Tom Hanks teams up again with Ms. Ryan in the cast, she as Homer’s mother, he as the father who has recently died. This story, though, is the flip side of the war movies and mini-series Mr. Hanks is generally associated with — it’s a story of the home front, not of the cacophonous battlefields. In any case, Ms. Ryan and Mr. Hanks are bit players here; the real focus is Alex Neustaedter, a relative newcomer who does a creditable job as Homer (a role played by Mickey Rooney in a 1943 film version).

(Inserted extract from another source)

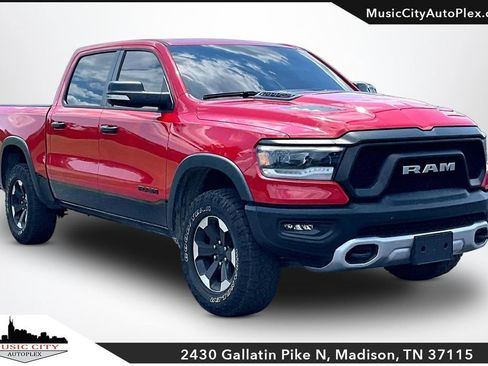 Used 2022 RAM 1500 Rebel w/ Rebel Level A Equipment Group AWD/4WD image 1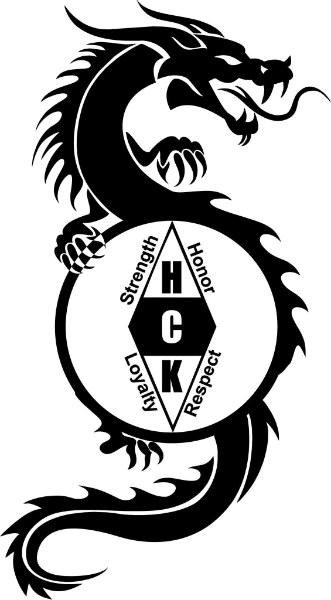 HCK Martial Arts and Fitness logo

Homer’s older brother, Marcus (Jack Quaid, Ms. Ryan’s son), is off fighting, so there’s never much doubt about where this tale is going, and Ms. Ryandoesn’t try to spin it for suspense. She instead spends time on the details that make this a transformational period in Homer’s life: his relationship with his younger brother, Ulysses (Spencer Howell); his efforts to adapt to the drinking problem of the telegraph operator (Sam Shepard, in a fine performance).
Ms. Ryan’s muted approach may be what we’ve come to expect of looks back at this period — nostalgia always comes with a lot of browns and grays, and with plenty of voice-over (in this case, Marcus’s letters to Homer). But she executes the formula well.
“Ithaca” is rated PG (Parental guidance suggested) for themes of death and loss.